§ Work required
Each line in the material below, starting at the one that contains "Graphic designer |" and ending at the one that contains "2013 Bmw M3 Black vin: WBSDX9C57DE785434", should be repeated exactly; the pictures should not.
:: Data provided ::
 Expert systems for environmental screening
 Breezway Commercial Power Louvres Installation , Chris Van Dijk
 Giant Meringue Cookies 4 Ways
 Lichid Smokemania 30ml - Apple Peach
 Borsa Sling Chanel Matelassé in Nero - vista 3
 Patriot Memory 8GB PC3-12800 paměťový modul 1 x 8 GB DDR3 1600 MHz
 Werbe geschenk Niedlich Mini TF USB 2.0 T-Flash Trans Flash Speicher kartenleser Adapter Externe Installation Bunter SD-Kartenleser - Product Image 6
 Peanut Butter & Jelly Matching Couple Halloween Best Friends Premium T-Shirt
:::
:: Data provided ::
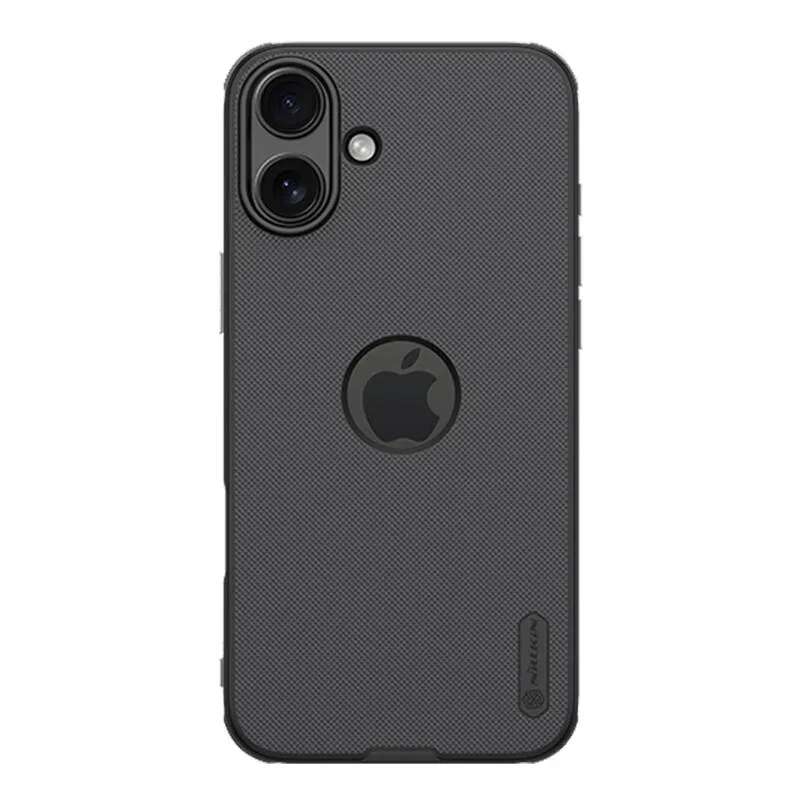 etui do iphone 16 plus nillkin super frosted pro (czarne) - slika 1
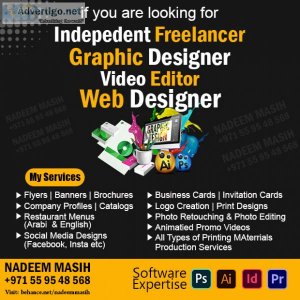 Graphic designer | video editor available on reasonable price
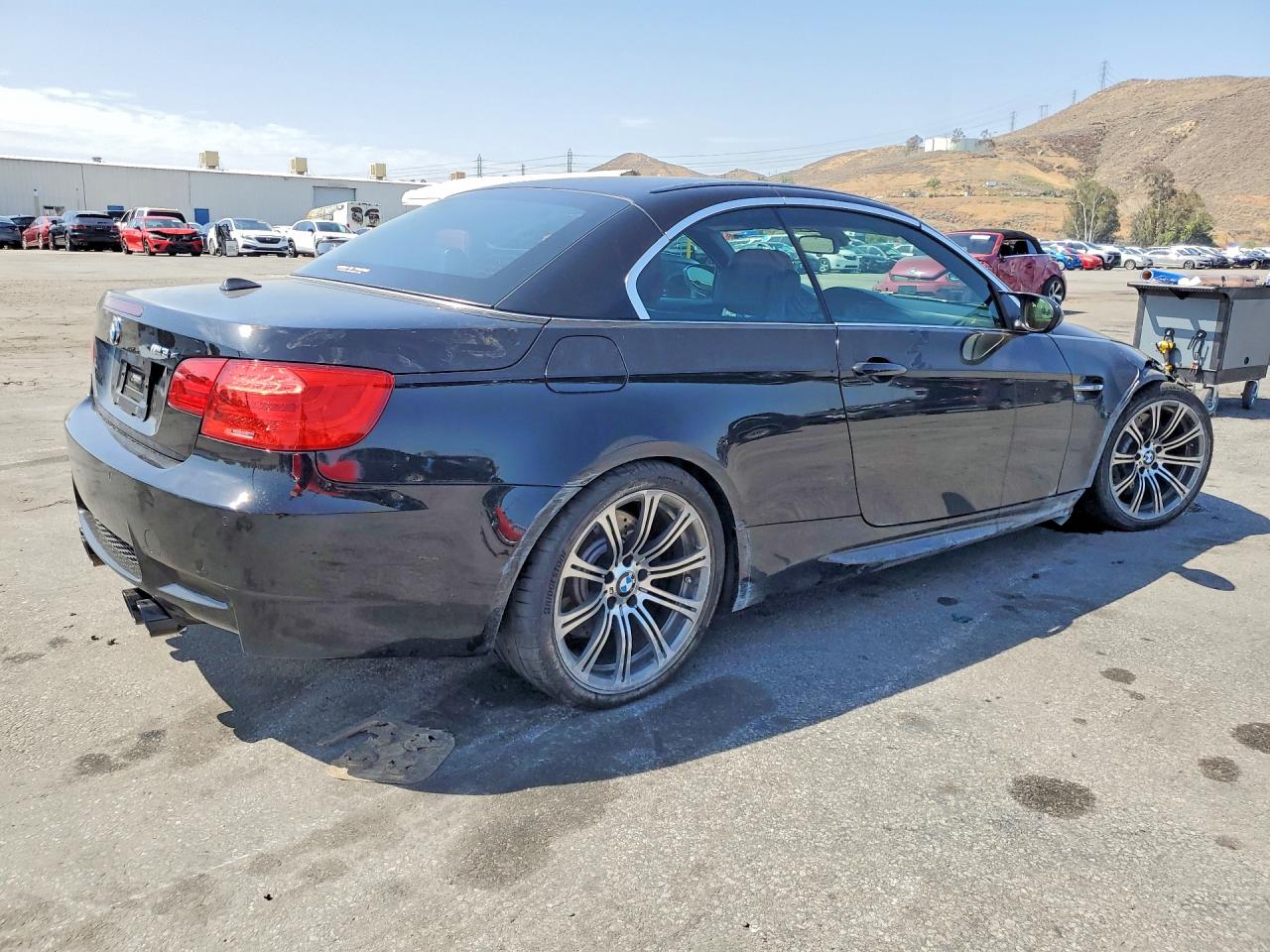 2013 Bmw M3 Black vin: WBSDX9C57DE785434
:::
:: Data provided ::
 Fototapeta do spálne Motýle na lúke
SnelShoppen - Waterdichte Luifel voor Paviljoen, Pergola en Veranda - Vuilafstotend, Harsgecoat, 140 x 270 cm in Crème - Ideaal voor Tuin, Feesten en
:::
§ Written solution
 Graphic designer | video editor available on reasonable price
 2013 Bmw M3 Black vin: WBSDX9C57DE785434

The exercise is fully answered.